**Short text fragments from websites:**
_ _ _ _
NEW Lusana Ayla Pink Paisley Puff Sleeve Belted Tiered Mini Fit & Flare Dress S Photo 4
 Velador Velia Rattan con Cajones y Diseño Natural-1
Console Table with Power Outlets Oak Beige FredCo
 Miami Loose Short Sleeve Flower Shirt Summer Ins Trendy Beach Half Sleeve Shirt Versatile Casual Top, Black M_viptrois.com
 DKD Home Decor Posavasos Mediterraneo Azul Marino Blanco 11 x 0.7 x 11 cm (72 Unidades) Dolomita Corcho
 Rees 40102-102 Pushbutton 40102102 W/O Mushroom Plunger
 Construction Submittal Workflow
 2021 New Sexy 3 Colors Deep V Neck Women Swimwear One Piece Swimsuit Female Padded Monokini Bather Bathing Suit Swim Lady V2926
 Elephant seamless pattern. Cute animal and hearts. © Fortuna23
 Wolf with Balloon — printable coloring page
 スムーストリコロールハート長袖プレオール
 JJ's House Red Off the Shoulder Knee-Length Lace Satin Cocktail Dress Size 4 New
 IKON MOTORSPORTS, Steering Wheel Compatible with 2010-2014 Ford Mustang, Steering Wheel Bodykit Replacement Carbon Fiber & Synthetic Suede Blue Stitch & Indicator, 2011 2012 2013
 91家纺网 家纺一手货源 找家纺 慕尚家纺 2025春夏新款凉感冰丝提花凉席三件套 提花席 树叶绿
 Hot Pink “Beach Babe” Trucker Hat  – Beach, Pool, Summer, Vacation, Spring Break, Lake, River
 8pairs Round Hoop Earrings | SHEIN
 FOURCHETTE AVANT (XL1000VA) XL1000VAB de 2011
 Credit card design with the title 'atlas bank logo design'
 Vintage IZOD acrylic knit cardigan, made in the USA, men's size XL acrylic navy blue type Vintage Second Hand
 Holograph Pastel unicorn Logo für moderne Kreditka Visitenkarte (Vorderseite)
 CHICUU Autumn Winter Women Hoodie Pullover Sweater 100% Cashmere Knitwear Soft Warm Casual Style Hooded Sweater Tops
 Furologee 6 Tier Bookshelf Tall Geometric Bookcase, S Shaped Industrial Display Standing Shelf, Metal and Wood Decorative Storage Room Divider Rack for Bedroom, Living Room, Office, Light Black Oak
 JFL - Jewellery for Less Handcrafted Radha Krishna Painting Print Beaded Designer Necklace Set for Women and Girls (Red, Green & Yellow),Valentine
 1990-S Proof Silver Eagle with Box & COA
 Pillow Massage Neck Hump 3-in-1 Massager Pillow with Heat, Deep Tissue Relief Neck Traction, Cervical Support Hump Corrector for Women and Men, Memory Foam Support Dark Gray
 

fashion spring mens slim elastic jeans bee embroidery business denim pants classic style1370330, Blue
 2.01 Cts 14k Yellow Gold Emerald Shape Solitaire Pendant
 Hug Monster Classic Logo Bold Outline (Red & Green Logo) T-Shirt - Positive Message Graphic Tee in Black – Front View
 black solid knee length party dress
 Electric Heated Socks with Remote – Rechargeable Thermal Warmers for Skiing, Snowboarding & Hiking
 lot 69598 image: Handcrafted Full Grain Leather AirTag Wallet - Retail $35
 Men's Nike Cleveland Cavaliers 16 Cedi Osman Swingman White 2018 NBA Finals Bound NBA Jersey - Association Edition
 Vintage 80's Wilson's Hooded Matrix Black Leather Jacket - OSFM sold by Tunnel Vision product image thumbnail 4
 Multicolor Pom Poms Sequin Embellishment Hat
_ _ _ _
The answer should be a number alone: how many lines of the entries hold the word "Sleeve"?

2